SGISGI’s logo from the 1990s. Silicon Graphics International Corporation (SGI) computers rendered the special effects for the original Jurassic Park movie. Computer enthusiasts coveted SGI machines throughout the 1990s.

But success in the computer industry is fleeting. A few years after Jurassic Park, a convergence of tech advances (Moore’s Law, x86 architecture, and Linux) made it possible for commodity PCs to perform as well as SGI’s premium workstations. Wall Street traders and other power users abandoned workstations in favor of Linux-based PCs. High-end makers like SGI fell on hard times.

Today, SGI is fighting back. The company is blending x86, Linux, and (buzzword alert) big data to attack the high performance computing market. The vision was presented at this month’s Chicago ACM meeting by Brian Freed, VP of Strategy for SGI.

What is Big Data?

Freed shared a definition of big data from Edd Dumbill’s O’Reilly Radar article. Big data is characterized by volume (lots of it), variety (it’s unstructured), and velocity (the data changes quickly).

In the words of the O’Reilly author…

Big data is data that exceeds the processing capacity of conventional database systems. The data is too big, moves too fast, or doesn’t fit the strictures of your database architectures. To gain value from this data, you must choose an alternative way to process it.

~Edd Dumbill

Definitions are fine, but it’s more important to understand why a company might care about big data. Here are a few examples that Freed shared during the ACM meeting.

Example: Fraud Detection with Big Data

Consider one challenge faced by credit card companies. When a credit card is presented for an online purchase, how does the authorizing body know if the charge is legitimate? Can legitimacy be determined in a timely fashion, before an impatient buyer abandons a slow seller for a quicker seller?

Sellers who decide too quickly will suffer fraud. Sellers who decide too slowly will lose customers. The problem is amplified because millions of shoppers are clicking the “buy now” button simultaneously, and they all expect an answer right now.

Traditional fraud detection systems could measure just a few potential fraud criteria within the allowed time window. SGI solves the problem with Hadoop clusters running on SGI hardware. This big data design is able to examine each transaction deeper, and render a yes/no decision faster. Buyers are happier because they can complete a purchase faster.
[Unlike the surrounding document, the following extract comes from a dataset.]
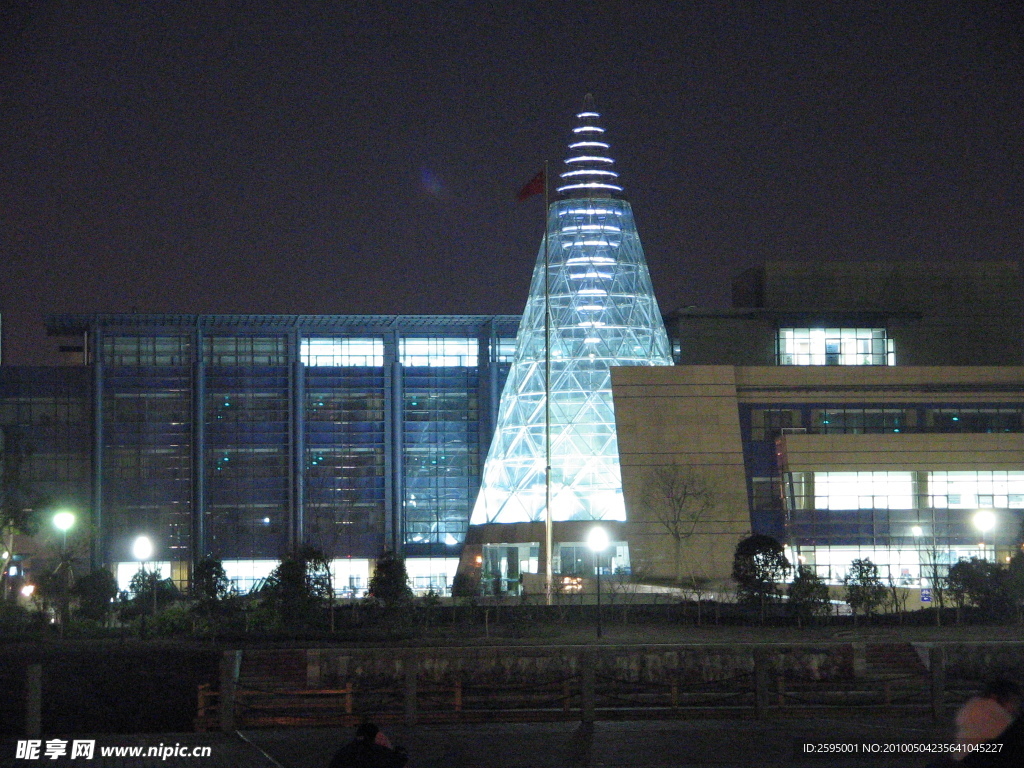 浙江大學(xué) 城市學(xué)院 夜景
Companies are happier because fraud is reduced.

Big data helps credit card companies to make better authorization decisions in less time.

Example: Auto Manufacturing

Some problems, like credit authorization, require a quick response. Other problems, like manufacturing, require the problem solver to crunch large volumes of data.

Consider an auto manufacturer. Every system in the modern automobile is controlled by software on silicon. Where software runs, data can be collected. The data piles up rapidly over time.

Manufacturers have discovered some unexpected benefits of collecting so much data. For example, they can identify trends like common failures among components, and use that data to improve future components. They can spot hidden trends, like geographic issues related to extreme cold or heat, and then design parts that are specially equipped for the target environment.

For these particular manufacturing examples, handling huge volumes of data is more important than delivering a quick answer. Insights that lead to quality improvements can be delivered in hours, and that’s fast enough for the designers. Before big data, many design decisions were driven by instinct and experience alone. Big data helps auto companies to make more informed decisions.

Pitfalls of Big Data

One big pitfall is trying to use the big data hammer for every nail in sight, whether the solution fits the problem or not. It’s the same hazard we face with any new technology. We run the risk of using a sledgehammer when a fly swatter would do.

A few ways to avoid the pitfalls: Start small. Have goals. And, like any good agile software developer, iterate. In Freed’s words…

Successful implementation of big data is not an event. It is an iterative process where we continuously learn over time.

About Chicago ACM

The Chicago Chapter of the Association for Computing Machinery (Chicago ACM) is on fire. December’s meeting featured a supercomputing presentation by Sharan Kalwani of Fermilab. The February meeting was all about SGI’s push into big data, and next month will focus on the Internet of Things (IoT). The organizers are assembling an exciting combination of events. Looking forward to more!